I sincerely hope someone thought this would actually be some emo bullshit.
Its been a great night, again. More amazing hijinks insued, and I've seen about all my friends in the last two days
but...
Its happening again. I don't get worried often, even when I really should be, but when it happens its pretty bad.
It's all clear skies for the immediate future, but there's a slight problem.
The view is a lie.
Its just like before. With ricky that is. I talked to both Craig and Kayla tonight. Kayla dropped a small bit of info. Her boyfriend is work/schooling in Tennessee but as I know, she's waiting for Ryan (said b/f) to propose to her. I don't see it being that far off. Unless he is a complete fucking idiot he'll see the signs (he has on occasion been a complete fucking idiot however). Anyways, she mentions that after she finishes up school, there's a possibility she'll move down to live with him. The fact that she's telling me really means of course, that she's already considered it and is willing to go through with it. That sucks. A lot. Kayla is one of the only girls that has truely been a friend to me and visa-vi. If she wasn't around, I would loose a perspective I've counted on for quite a while. Guys are cool and all, but there's never been another girl I could (or would) talk to like kayla.
But wait, There's more!
Later we call craig who was trapped in the terrible socially manditory purgatory of a relatives graduation (snore, three hours to watch one person walk across a stage? LAME). We head over to a sonics that just opened in pickerington. Kayla and I are on the patio, munching on chili-cheese dogs and watching an over zealous waiter performing some aerial acrobatics on his rollerskates. Craig pulls up and walks towards us, he's been pulling a lot of shifts since he's the only shift manager at his store and he would rather do the work of three people then throw his shit down, and bitch them into getting another manager. Anyway I can tell he's in such a bad mood that as he sits down, I actually laugh out loud. He stares at me. Me and Kayla exchange the "look" and a mere few minutes later we've got him loosened up, all trouble forgotten. Were all around after that, enjoying the strip. Later craig tells us that he's been looking a ring for his girl.
Wow.
Didn't see that one coming.
Later craig and I are making are taking our usual rout through the village. He says he's worried about not being able to hang out like we did tonight after he gets engaged/married. I'm the person he comes to talk to about everything he hates and everything he hopes for. He is without a doubt, my oldest, closest friend. (Dan is on his heals.) Even when he had girlfriends, or stuff going on in his life, I cannot think of a single time he has ever let me down. I've never worried about losing craigs friendship to a girl because quite simply, he can juggle his life that way. (Ricky should take notes.) marrage is different though, it may not be for a while, but he can't be here forever.
We both know whats ahead.
We say nothing standing there in the darkness. Its in the air, that faceless future to come.
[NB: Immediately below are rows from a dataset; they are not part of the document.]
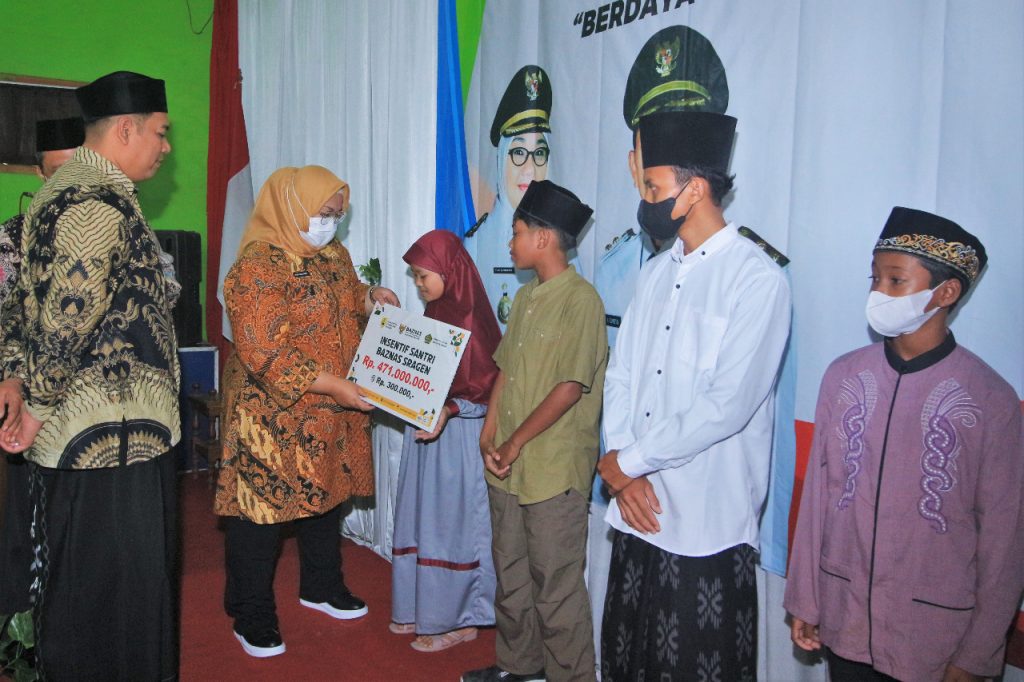 bupati sragen dan santri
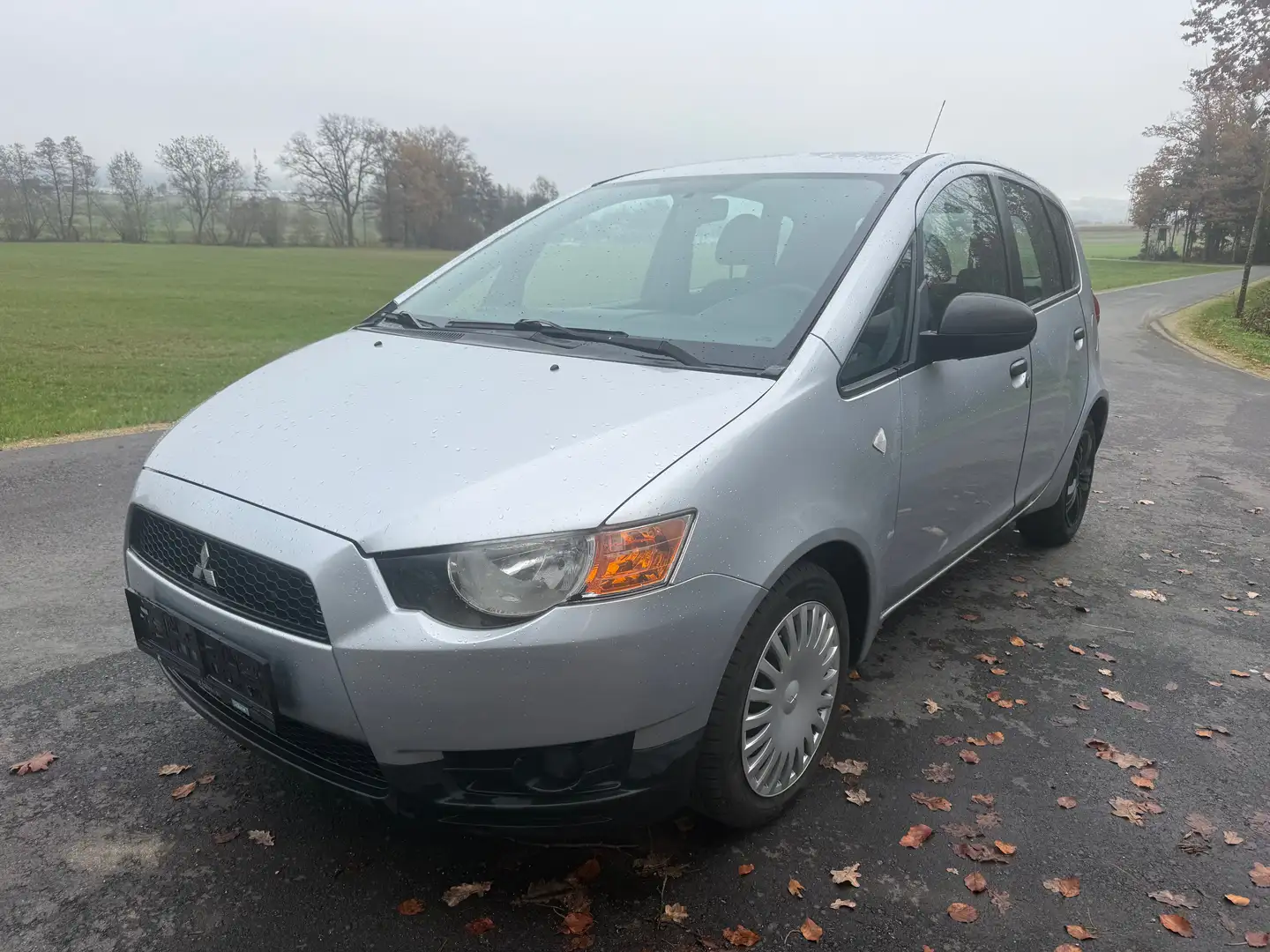 Mitsubishi Colt Grau - 1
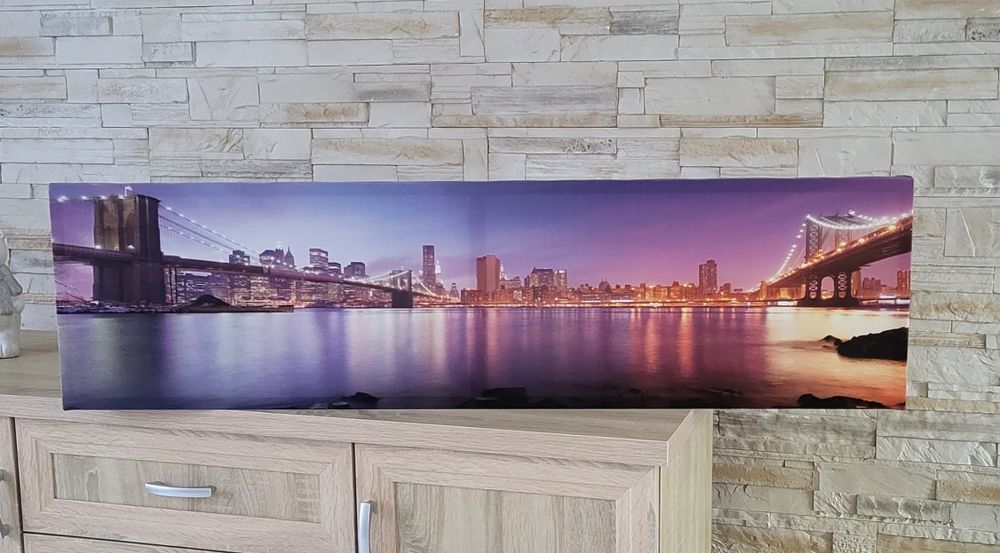 Sprzedam obraz o wymiarach 135 cm x 35 cm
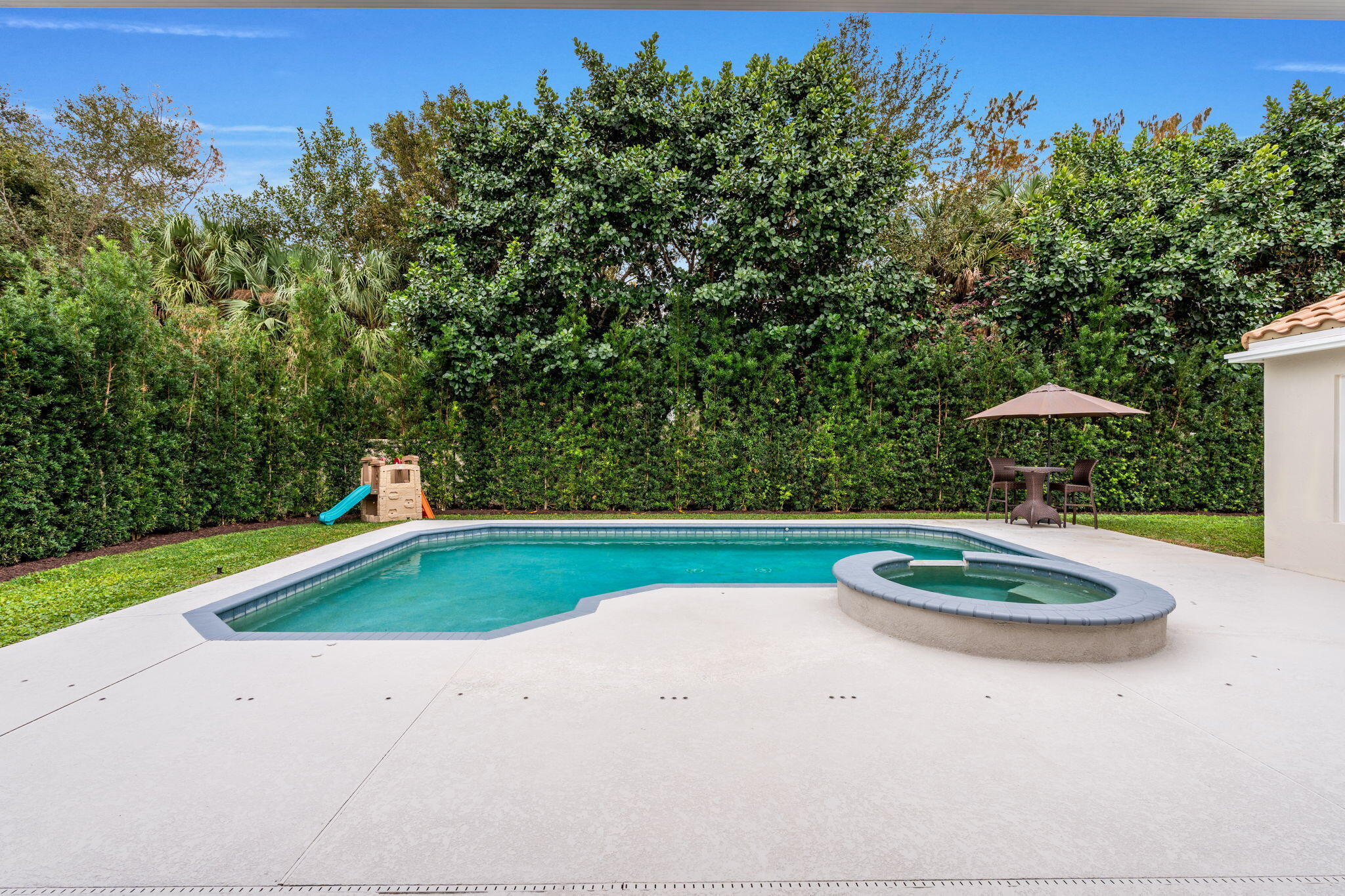 10223 Hunt Club Lane
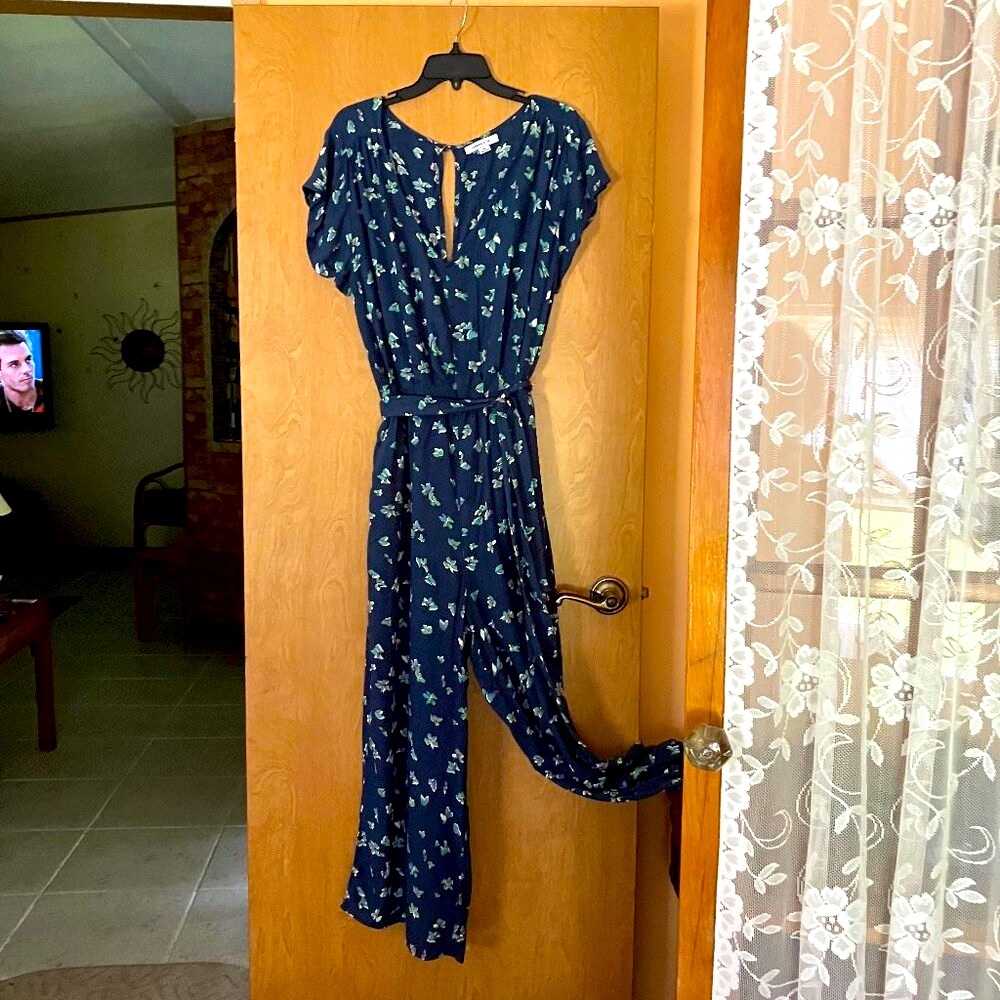 NWOT wide leg jumpsuit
We part ways for the evening, and I wander down the street until I find a suitable spot. I plop down, feeling the wet grass soaking into my shirt I listen the the chorus of a few drunks singing in their yard a few lots a way.
My mind wanders.
I guess Kayla and Craig are sort of like the things that made me, and keep me the way I am. When I hang out with the group, I am more talkative, more funny, (and daring to say so myself) a more fun person to be around. I'm never as alive as I am with my friends.
Will I be the same without them?
I find myself worrying I think, since I've noticed that even though I'm more active in college than I ever was in high school, I really have no serious friends in college, all of them are from high school.
I panic briefly as I think about that.
Holy Shit! I'm running out of friends to leave me behind!
I curse my own selfishness for a while, hating all that is me for putting my happiness before there own. How dare I be such an ungrateful slut? After the friendship they've given me, they could leave tommorow and I still owe them more than I could ever pay.
Hahaha.
That thought amuses me.
I stayed a while longer, righting myself.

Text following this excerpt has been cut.